Bad Alien Boss (Royal Aliens 6)
Page 12
“Do you know how much I spent on those? Do you know what I had to do for the money to buy them? Do you know how much sentimental value they have for me?” I ask all those questions knowing full well that the answer to all of them is no. This alien with the dragon skin is a complete asshole. He doesn’t understand anything having meaning because he can magic it up out of nowhere.
He stares at me blankly, like he can’t comprehend the idea that something material might matter.
“Sentimental value?” He asks the question like that’s the first time he’s heard the phrase. He speaks perfect English, but I don’t think we share a language. Not really.
“See, you dick, here’s the thing. When you can’t just make things out of thin air, they matter. You have to pay to get them. You have to work to get them. I worked two shitty jobs to buy that jacket. I ate ramen for a week after I bought that, and you just set it on fire.”
“I did not set it on fire. I freed the composite atoms.”
“Whatever.”
I guess everything ends. I just didn’t think it would be the jacket I stole. The stuff about the ramen is a lie. Well, sort of a lie. I have eaten ramen for almost every week for the last however long. That’s how it is being broke. Am I still broke? Worse than broke. I’ve got nothing.
I should be pissed because I’m suddenly naked, but I’m barely noticing my nudity. Instead, I’m focused on all the stuff I’ve lost.
“What is it with men needing to take things? You just fucking have to ruin everybody else’s fun, is that it? Prove you’re a big scary alien dude by ruining months of shopping. Is that it?”
He snaps his fingers again, and suddenly everything is back — exactly how it was. There’s the same ketchup stain on my jeans, and the rip on the arm of the jacket where I snagged it on Emmet’s replica katana that one time.

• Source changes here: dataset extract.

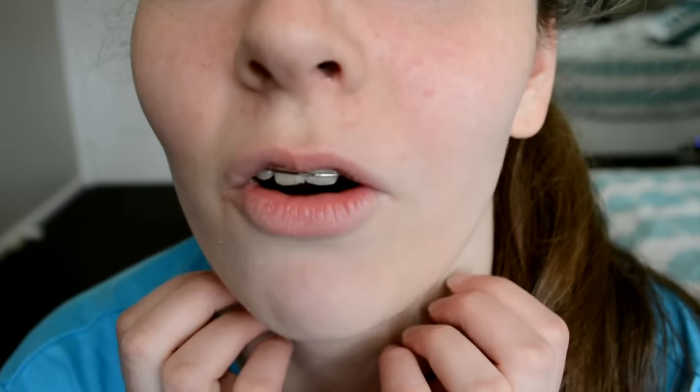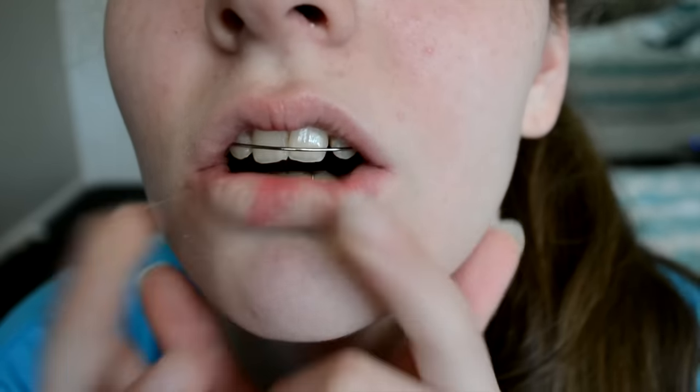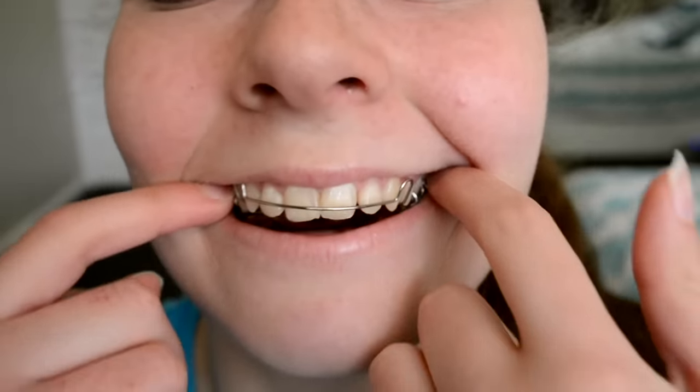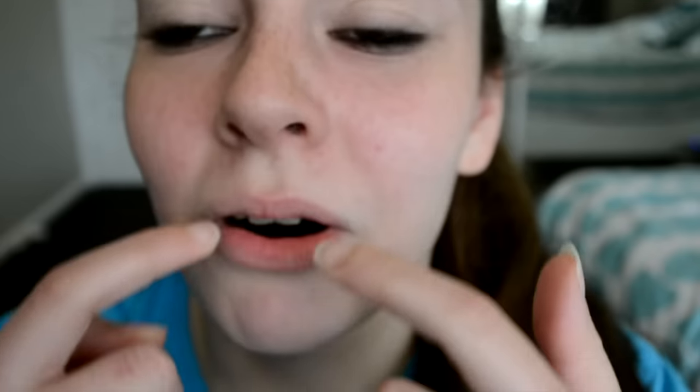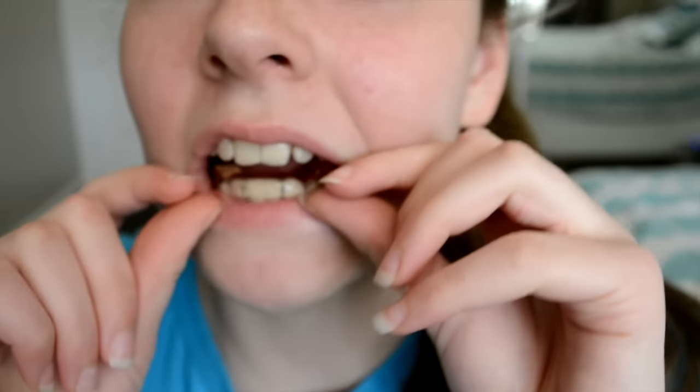I'm going to get braces soon. So this is what my mouth looks like up close. It's got a little thing and then it's got wires that go down into your gums, or wire up the top. The way that you take it out is you put two fingers back here and then you pop it out - and this is a plate, guys. And then with the other one, you just get your two thumbs and you pop it out like that.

“So you’re like a genie, right?”
“I am of an alien species called the Essence. We are not genies. What I do is not magic. It is science. And it is related to the ship, as I explained earlier.”
“All science is just magic that got mixed up with mathematics.”
He tilts his head and looks at me with bright-eyed surprise. “Human, that was an intelligent comment. I did not expect such a thing from you.”
“That’s because you’re a…”
“Dick. Yes. I know. I would warn you that you will be further punished for your insolence, but it would seem that is no deterrent.”
I am enjoying how much I am confusing him. He really thought he had my number. He thought he was going to snatch me up from Earth and put me to work as some kind of assistant pregnant-lady-babysitter and I’d just go along with it because I’m a girl. I don’t like it when people assume they know me enough to tell me what I’m like and what I’m not like, and I definitely don’t like it when an alien does it.
“The clothes suit you,” he admits. “But not your role. Take them off, and I will provide you with something new. Anything you might desire.”
“I get a completely new free wardrobe!? Uhm, you should have led with that. You wouldn’t even have had to abduct me. I would have just climbed right up your space hatch.”
He looks at me with that dour, judgmental expression, like he’s too good for me. As though my interests are predictable and base and human. I’ve never met anyone this arrogant in all my life, and I’ve lived with Emmet for, like, two years.
“What is it you wish to wear, human?”
“Did you see Kim Kardashian’s dress at the 2019 Met Gala? It was like this crazy see-through corset lobster-inspired shapewear…”
“You are to become my assistant, and to be presentable for the bride of the king. You need to be dressed in professional attire.”
“You just told me I could have anything I wanted!”
“I thought you would be capable of making a sensible decision.”
“Well, I guess you were wrong, huh?” I say the words pretty smugly, then realize it was something of a self-own, but still.
“I am going to dress you in something I deem appropriate in the next ten seconds. Take those clothes off and prepare to be reclothed.”
I scramble to get my good shit off. I don’t know if it’s technically the same clothing as it was when it was first magicked off, or if having been deconstructed and then reconstructed makes it entirely new? That seems like a question for a philosopher.
I leave my underwear on. I’m fine with that being forever destroyed. The elastic is going on the waistband of my panties and my bra has seen better days.